Next, we perform the same conversion for the retrofitted vectors. These vectors have been adjusted using WordNet synonym data to bring related words closer together in the vector space.

In [None]:
# Define the path to the input file containing the retrofitted GloVe vectors.
glove_file="../data/glove.42B.300d.50K.txt.retrofit"
# Define the path for the output file for the retrofitted vectors in word2vec format.
retrofit_file="../data/glove.42B.300d.50K.w2v.txt.retrofit"
# Perform the conversion from GloVe format to word2vec format for the retrofitted vectors.
_ = glove2word2vec(glove_file, retrofit_file)

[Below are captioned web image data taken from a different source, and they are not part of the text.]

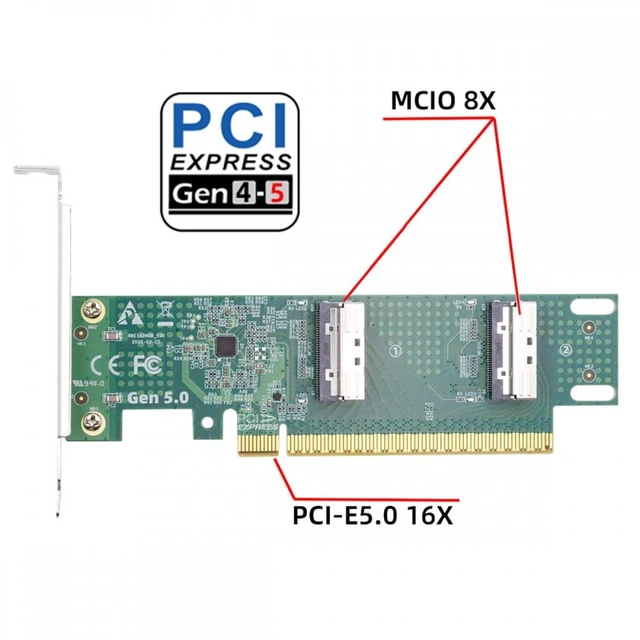 Alt view image 3 of 7 - Vszerda Chenyang PCIE5.0 PCI-Express 16x to Dual MCIO 8i Mini Cool Edge IO SFF-TA-1016 VROC Virtual RAID Adapter for Mainboard SSD Graphics Card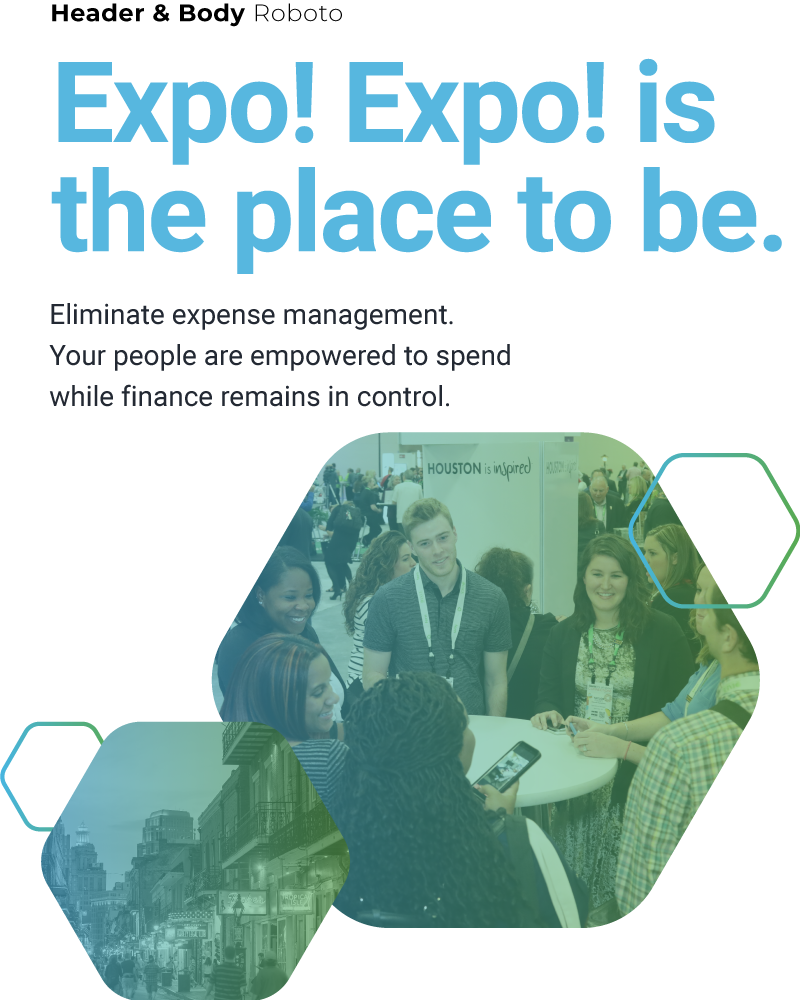 font sampling used for Expo! Expo!'s brand guide with hexagon shapes with image fills of a New Orlean's street and a group of people attending a tradeshow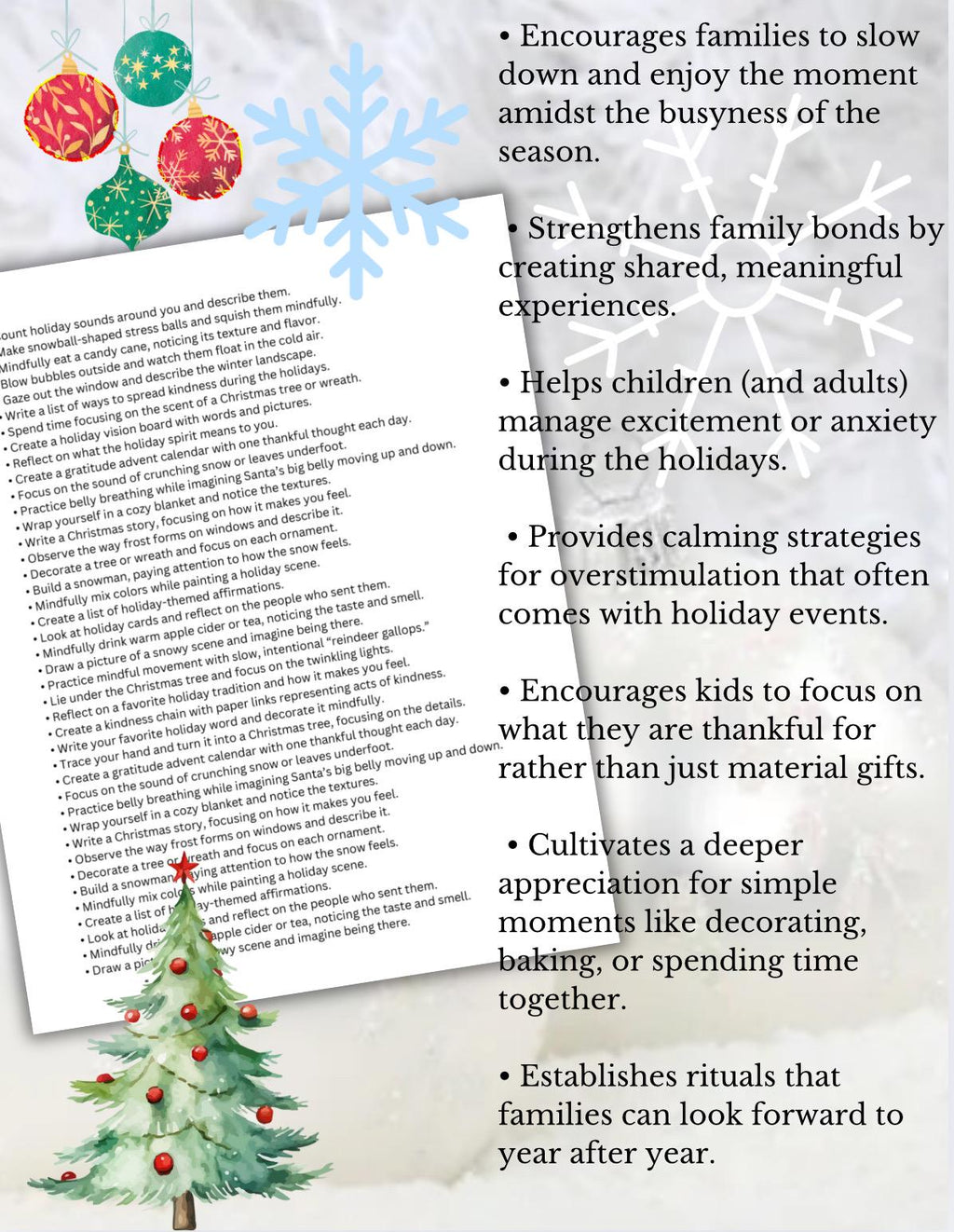 Christmas Mindfulness Activities for Kids, Holiday Fun (Digital Download)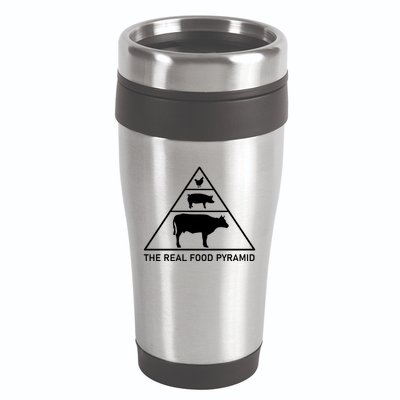 The Real Food Pyramid Beef Pork Chicken 16oz Travel Tumbler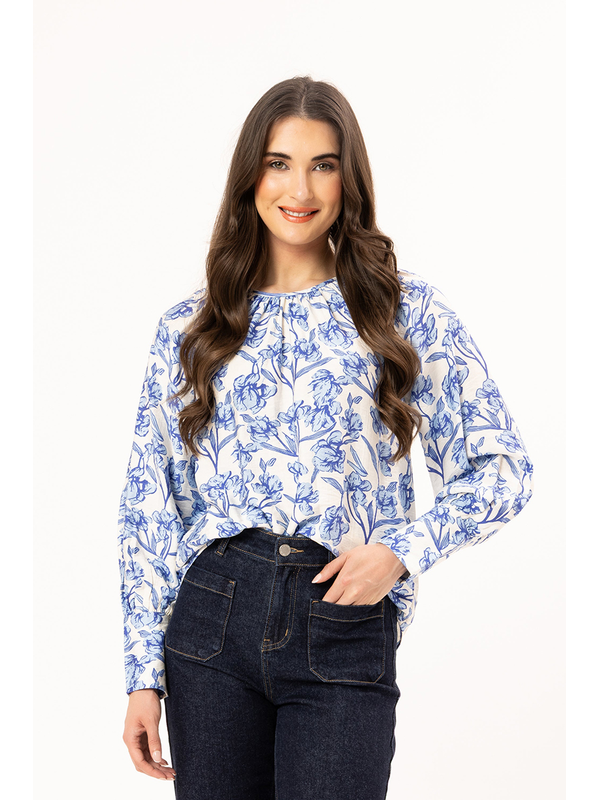 Leila + Luca Blue Bloom Centered Top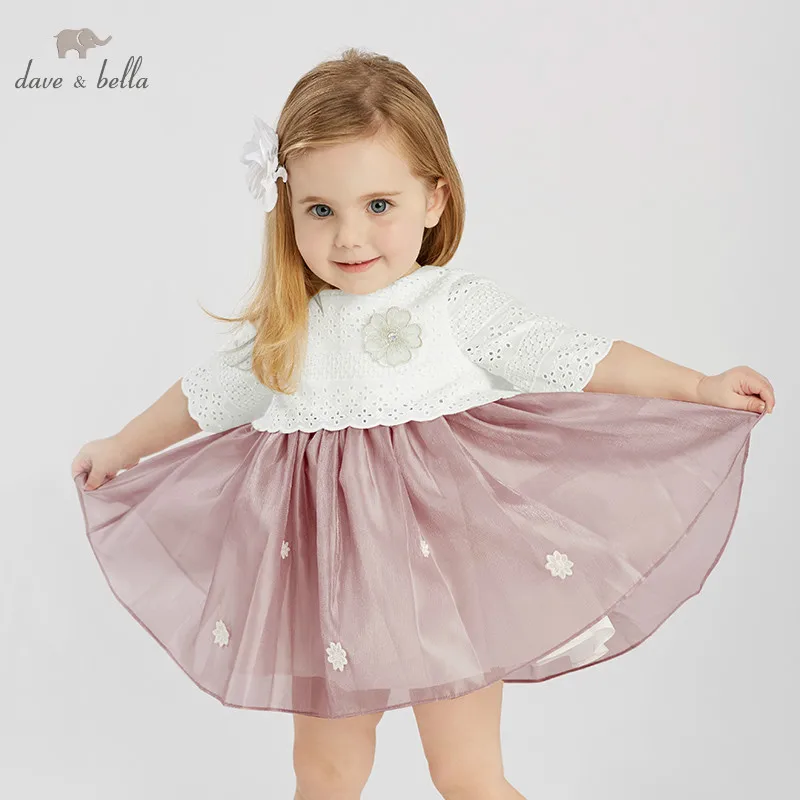 Dave bella/DBM9859 весеннее модное платье для маленьких девочек детское платье для дня рождения кружевное платье с короткими рукавами для маленьких детей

### Step 3: Load the Vector Models

With both sets of vectors converted, we can now load them into `gensim`'s `KeyedVectors` objects. This will allow us to easily query them for word similarities and other tasks.

In [None]:
# Load the original (non-retrofitted) vectors from the converted file into a KeyedVectors object.
# The 'binary=False' argument specifies that the file is in a text format.
original = KeyedVectors.load_word2vec_format(original_file, binary=False)

Now we load the retrofitted vectors in the same way.

In [None]:
# Load the retrofitted vectors from the converted file.
# This creates a second KeyedVectors object that we can compare with the original.
retrofit = KeyedVectors.load_word2vec_format(retrofit_file, binary=False)

### Step 4: Compare the Models

Explore these two vector sets to see how the retrofitting process has encoded the synonym relationships from WordNet into the vector representations. We will do this by checking the nearest neighbors of a word in both models.

First, let's examine the most similar words to "hate" in the **original** GloVe model. These similarities are based purely on how words co-occur in the training corpus.

In [None]:
# Use the .most_similar() method on the 'original' model to find the top 10 words closest to "hate".
# This shows us the neighbors based on the original distributional semantics.
original.most_similar("hate", topn=10)

Now, let's look at the most similar words to "hate" in the **retrofitted** model. We expect these results to be more semantically precise and include more direct synonyms, as the model was explicitly updated using WordNet's synonym lexicon.

In [None]:
# Use the .most_similar() method on the 'retrofit' model to find the top 10 words closest to "hate".
# Comparing these results to the previous cell highlights the effect of retrofitting.
retrofit.most_similar("hate", topn=10)